If we take a look inside the ZIP container of a 2017 dummy sample.

% 7z l TurboTax2017.tax2017
7-Zip [64] 17.05 : Copyright (c) 1999-2021 Igor Pavlov : 2017-08-28
p7zip Version 17.05 (locale=utf8,Utf16=on,HugeFiles=on,64 bits,8 CPUs LE)

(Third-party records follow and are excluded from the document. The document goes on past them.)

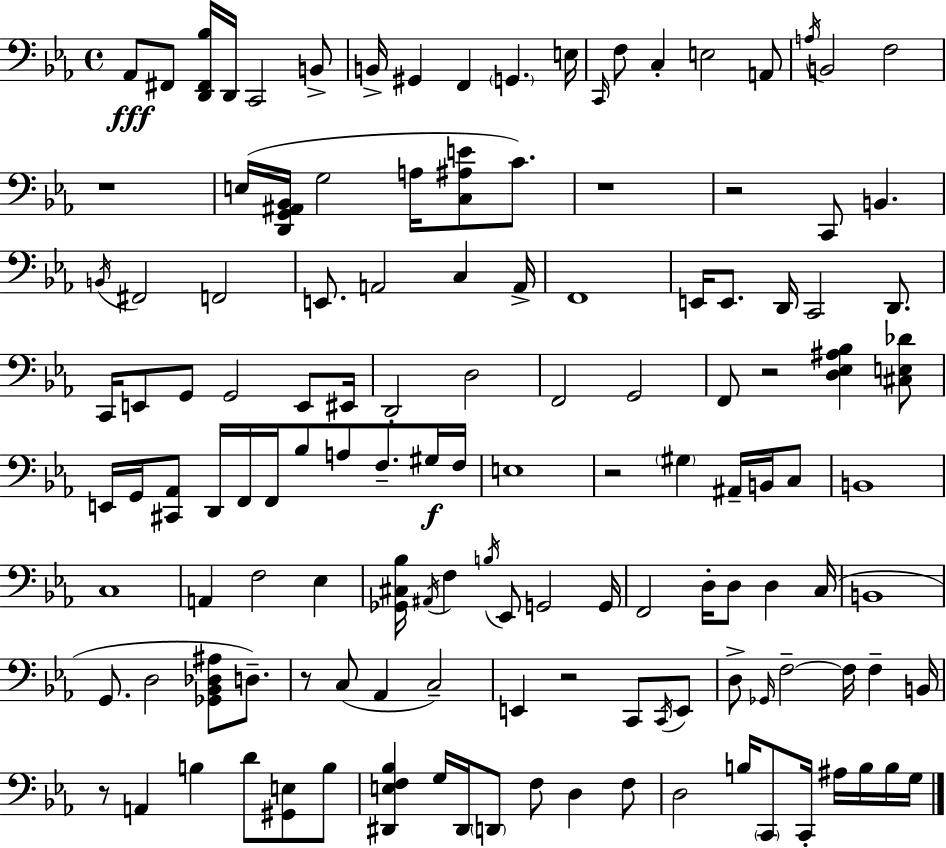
X:1
T:Untitled
M:4/4
L:1/4
K:Eb
_A,,/2 ^F,,/2 [D,,^F,,_B,]/4 D,,/4 C,,2 B,,/2 B,,/4 ^G,, F,, G,, E,/4 C,,/4 F,/2 C, E,2 A,,/2 A,/4 B,,2 F,2 z4 E,/4 [D,,G,,^A,,_B,,]/4 G,2 A,/4 [C,^A,E]/2 C/2 z4 z2 C,,/2 B,, B,,/4 ^F,,2 F,,2 E,,/2 A,,2 C, A,,/4 F,,4 E,,/4 E,,/2 D,,/4 C,,2 D,,/2 C,,/4 E,,/2 G,,/2 G,,2 E,,/2 ^E,,/4 D,,2 D,2 F,,2 G,,2 F,,/2 z2 [D,_E,^A,_B,] [^C,E,_D]/2 E,,/4 G,,/4 [^C,,_A,,]/2 D,,/4 F,,/4 F,,/4 _B,/2 A,/2 F,/2 ^G,/4 F,/4 E,4 z2 ^G, ^A,,/4 B,,/4 C,/2 B,,4 C,4 A,, F,2 _E, [_G,,^C,_B,]/4 ^A,,/4 F, B,/4 _E,,/2 G,,2 G,,/4 F,,2 D,/4 D,/2 D, C,/4 B,,4 G,,/2 D,2 [_G,,_B,,_D,^A,]/2 D,/2 z/2 C,/2 _A,, C,2 E,, z2 C,,/2 C,,/4 E,,/2 D,/2 _G,,/4 F,2 F,/4 F, B,,/4 z/2 A,, B, D/2 [^G,,E,]/2 B,/2 [^D,,E,F,_B,] G,/4 ^D,,/4 D,,/2 F,/2 D, F,/2 D,2 B,/4 C,,/2 C,,/4 ^A,/4 B,/4 B,/4 G,/4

Scanning the drive for archives:
1 file, 769814 bytes (752 KiB)

Listing archive: TurboTax2017.tax2017

--
Path = TurboTax2017.tax2017
Type = zip
WARNINGS:
Headers Error
Physical Size = 769814

Date Time Attr Size Compressed Name
------------------- ----- ------------ ------------ ------------------------
2026-03-28 20:25:38 ..... 576 581 manifest.xml
2026-03-28 20:25:38 ..... 768688 768923 084A702A-CD3D-4623-B8B7-EE4800BB151F
------------------- ----- ------------ ------------ ------------------------
2026-03-28 20:25:38 769264 769504 2 files

Warnings: 1

The files all seem to have a manifest.xml and a unique identifier. 7-Zip also mentions a header issue with the ZIP files. Something maybe done on purpose? Now comes the odd part, the manifest.xml file does not render as an XML file, it is binary.

% hexdump -C TurboTax2017/manifest.xml | head
00000000 a1 b1 fe fb 37 18 dd 9c 08 2d 9c 86 23 00 10 fa |....7....-..#...|
00000010 12 60 92 bb dc 92 a5 df 1a 24 16 4e a9 28 89 80 |.`.......$.N.(..|
00000020 64 33 66 55 c5 93 f0 68 44 d0 7c f9 56 86 42 2c |d3fU...hD.|.V.B,|
00000030 80 ba 8a 95 2a 82 6d 32 75 84 b1 f1 e2 18 93 5c |....*.m2u......\|
00000040 82 4d 18 f9 ed 23 4f dc d6 b5 7f f2 20 1e 30 59 |.M...#O..... .0Y|
00000050 d5 7f 47 7d aa f5 8d bd 8b 10 20 ec 8a c7 43 df |..G}...... ...C.|
00000060 52 90 a9 70 4d 68 b4 76 fa c8 37 85 f5 56 25 82 |R..pMh.v..7..V%.|
00000070 ea 16 06 54 b0 b4 bc 43 16 fb 70 7b 7a 79 a5 8b |...T...C..p{zy..|
00000080 3c 79 7d ef ac 32 fc 35 ce 0f fa a2 6f e7 c3 a4 |<y}..2.5....o...|
00000090 92 a1 a4 c8 83 dd 9f 32 f4 ea d3 1a eb 89 15 a3 |.......2........|

Of the samples I have which have a manifest.xml, they all begin with “a1 b1 fe fb”. Which apparently is the header for an AES CBC encrypted file. A clever person was able to decrypt the file to reveal the actual XML.

TurboTax isn’t sold on physical disk anymore, but you can download the current tax year version from their website. I am not a user of their product so I am not sure if the latest version still saves files in the same way. If you do use it currently, I would love to know if it is still the same.

So to recap, the headers are:

  • 1994 “TurboTax Format=WIN Version=13
  • 1995-99 “C045015F”
  • 2000-03 “C0450164”
  • 2004-13 “TTFN”
  • 2014-current “ZIP Container”

This should be enough to create five new signatures for identification. Extensions will be a problem since they change very year, but we can add them to the list. With these signatures we can now identify all the tax files we have and set them aside if not needed.